Chapter 7

When the Earl of Abington’s grand carriage lost a spoke, Meghan, Andromena, and Fleur convinced Meghan’s maid, Bridget, to let them go outside.

Poor Bridget. She hadn’t stood a chance.

It hadn’t even been a struggle to wear the young woman down.

After all, given the McQuoid traditions and well-known history of their love of snow and cold weather, what servant would be able to deny their calls?

Especially on a McQuoid wedding day to another duke, no less.

Hiding behind an ancient elm for cover, her snowball fight with Andromena and Fleur forgotten, Meghan stared vacantly at the plumes of smoke in the distance that came from the church where her family already gathered.

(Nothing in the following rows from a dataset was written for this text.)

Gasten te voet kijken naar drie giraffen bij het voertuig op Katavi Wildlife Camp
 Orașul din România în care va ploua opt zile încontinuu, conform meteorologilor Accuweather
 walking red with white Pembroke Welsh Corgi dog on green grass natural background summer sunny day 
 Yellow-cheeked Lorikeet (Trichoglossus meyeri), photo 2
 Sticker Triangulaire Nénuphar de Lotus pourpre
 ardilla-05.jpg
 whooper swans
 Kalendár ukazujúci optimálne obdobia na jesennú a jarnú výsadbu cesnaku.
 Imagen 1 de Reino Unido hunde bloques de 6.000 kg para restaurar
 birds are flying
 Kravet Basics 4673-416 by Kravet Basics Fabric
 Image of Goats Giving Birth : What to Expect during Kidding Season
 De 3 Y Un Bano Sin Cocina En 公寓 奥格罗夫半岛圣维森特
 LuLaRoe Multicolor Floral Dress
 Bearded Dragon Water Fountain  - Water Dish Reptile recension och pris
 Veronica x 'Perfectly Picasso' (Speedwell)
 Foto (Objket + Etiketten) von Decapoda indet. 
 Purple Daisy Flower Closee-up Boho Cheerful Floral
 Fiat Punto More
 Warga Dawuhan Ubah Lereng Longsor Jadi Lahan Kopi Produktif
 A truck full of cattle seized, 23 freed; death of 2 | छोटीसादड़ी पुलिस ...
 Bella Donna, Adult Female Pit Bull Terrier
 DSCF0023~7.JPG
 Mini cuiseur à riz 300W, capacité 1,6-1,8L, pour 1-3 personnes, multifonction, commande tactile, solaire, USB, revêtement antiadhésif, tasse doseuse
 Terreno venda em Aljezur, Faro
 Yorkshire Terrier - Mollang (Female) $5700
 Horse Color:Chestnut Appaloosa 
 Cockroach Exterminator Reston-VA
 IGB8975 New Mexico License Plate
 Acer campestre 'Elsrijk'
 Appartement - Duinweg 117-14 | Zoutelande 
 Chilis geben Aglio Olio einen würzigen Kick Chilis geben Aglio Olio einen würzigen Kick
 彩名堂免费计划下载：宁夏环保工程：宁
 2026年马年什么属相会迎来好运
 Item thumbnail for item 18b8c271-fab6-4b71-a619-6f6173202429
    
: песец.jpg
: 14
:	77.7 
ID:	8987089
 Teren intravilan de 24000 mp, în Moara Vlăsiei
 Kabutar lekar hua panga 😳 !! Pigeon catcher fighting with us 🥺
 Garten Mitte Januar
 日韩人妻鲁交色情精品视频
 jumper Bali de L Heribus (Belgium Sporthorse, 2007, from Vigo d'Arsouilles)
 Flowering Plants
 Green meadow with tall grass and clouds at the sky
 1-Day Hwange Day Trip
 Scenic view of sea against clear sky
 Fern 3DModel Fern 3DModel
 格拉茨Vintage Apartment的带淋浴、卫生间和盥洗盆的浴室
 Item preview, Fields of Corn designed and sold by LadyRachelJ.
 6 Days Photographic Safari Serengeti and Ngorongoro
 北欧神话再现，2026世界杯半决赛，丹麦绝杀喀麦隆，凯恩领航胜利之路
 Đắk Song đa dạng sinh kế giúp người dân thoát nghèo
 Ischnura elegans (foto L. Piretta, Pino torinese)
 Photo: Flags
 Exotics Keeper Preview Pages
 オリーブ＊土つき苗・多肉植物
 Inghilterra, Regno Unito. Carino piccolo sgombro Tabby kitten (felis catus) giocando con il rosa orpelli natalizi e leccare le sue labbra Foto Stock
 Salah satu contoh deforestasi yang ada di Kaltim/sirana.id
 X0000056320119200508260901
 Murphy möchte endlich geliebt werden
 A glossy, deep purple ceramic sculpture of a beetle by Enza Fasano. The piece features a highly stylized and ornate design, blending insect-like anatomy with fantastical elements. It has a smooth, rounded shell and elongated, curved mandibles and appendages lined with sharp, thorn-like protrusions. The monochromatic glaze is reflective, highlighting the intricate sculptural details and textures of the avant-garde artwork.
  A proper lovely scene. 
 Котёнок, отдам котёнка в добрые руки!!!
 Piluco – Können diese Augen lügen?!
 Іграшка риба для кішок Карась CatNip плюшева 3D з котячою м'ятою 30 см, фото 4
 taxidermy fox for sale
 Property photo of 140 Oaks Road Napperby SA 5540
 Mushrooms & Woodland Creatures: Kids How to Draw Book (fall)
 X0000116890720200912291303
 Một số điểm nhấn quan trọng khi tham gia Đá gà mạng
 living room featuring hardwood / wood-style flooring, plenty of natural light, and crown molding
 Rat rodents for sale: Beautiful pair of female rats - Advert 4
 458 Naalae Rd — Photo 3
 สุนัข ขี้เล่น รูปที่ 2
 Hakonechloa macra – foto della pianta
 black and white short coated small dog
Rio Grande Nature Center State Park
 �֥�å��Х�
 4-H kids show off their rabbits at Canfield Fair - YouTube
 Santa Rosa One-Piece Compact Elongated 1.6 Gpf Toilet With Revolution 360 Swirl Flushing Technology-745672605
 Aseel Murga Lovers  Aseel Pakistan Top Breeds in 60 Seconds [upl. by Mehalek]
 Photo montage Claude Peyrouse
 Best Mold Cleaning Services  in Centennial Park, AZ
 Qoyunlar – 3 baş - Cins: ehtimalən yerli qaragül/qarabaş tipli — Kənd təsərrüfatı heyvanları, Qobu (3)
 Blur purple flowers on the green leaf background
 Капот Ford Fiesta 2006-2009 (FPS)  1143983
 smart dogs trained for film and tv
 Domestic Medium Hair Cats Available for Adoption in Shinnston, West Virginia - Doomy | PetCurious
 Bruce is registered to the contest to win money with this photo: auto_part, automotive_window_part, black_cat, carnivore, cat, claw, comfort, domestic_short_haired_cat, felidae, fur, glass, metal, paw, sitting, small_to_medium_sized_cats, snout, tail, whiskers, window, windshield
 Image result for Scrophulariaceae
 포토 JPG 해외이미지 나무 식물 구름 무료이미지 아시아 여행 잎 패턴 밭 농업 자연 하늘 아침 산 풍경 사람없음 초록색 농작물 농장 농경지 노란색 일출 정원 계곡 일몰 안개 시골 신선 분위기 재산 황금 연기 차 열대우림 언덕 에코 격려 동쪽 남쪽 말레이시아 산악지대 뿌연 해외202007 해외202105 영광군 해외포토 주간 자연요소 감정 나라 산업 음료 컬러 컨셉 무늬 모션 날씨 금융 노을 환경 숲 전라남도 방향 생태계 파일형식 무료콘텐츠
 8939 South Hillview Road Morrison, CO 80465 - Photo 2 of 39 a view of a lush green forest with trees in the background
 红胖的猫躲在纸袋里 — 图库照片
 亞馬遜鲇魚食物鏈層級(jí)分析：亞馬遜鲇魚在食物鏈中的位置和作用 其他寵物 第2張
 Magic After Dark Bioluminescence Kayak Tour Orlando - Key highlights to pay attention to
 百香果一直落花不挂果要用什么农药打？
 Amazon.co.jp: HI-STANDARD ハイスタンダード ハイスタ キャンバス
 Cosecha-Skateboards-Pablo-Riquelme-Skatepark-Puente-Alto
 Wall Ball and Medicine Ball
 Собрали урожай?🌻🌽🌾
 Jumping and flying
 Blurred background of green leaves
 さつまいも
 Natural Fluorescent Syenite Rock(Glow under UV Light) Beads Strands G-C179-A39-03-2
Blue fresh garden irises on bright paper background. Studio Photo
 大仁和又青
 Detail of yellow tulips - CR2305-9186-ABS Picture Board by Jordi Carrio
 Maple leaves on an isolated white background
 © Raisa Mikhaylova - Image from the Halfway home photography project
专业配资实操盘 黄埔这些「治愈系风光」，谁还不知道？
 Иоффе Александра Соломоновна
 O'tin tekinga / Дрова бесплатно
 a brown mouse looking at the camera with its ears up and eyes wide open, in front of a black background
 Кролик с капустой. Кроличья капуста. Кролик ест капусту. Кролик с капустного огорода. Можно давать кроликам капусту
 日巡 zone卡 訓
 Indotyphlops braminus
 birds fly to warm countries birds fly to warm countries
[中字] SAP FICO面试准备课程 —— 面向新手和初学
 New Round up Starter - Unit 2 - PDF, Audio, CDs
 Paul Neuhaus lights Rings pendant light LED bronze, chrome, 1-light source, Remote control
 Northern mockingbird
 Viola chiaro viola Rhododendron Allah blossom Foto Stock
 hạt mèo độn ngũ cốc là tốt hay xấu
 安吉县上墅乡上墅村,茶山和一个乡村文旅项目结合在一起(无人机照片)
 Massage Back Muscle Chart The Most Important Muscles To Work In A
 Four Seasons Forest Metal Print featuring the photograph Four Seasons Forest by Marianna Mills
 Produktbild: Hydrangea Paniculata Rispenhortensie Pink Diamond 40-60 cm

A heavy weight pressed in on her chest.

Just as she’d done after her return from Lord and Lady Rutland’s ball, Meghan relived the last time she had spent with August. It was pathetic to do so. He hated her family—and her by association. But her body didn’t care about his hatred.

Her wrist still burned with the memory of his touch. His kiss. The way he had sucked until he left his mark behind.

In the early morn hours, as sleep eluded her, she had squirmed and shifted beneath the weight of those memories, until the ache between her legs became unbearable.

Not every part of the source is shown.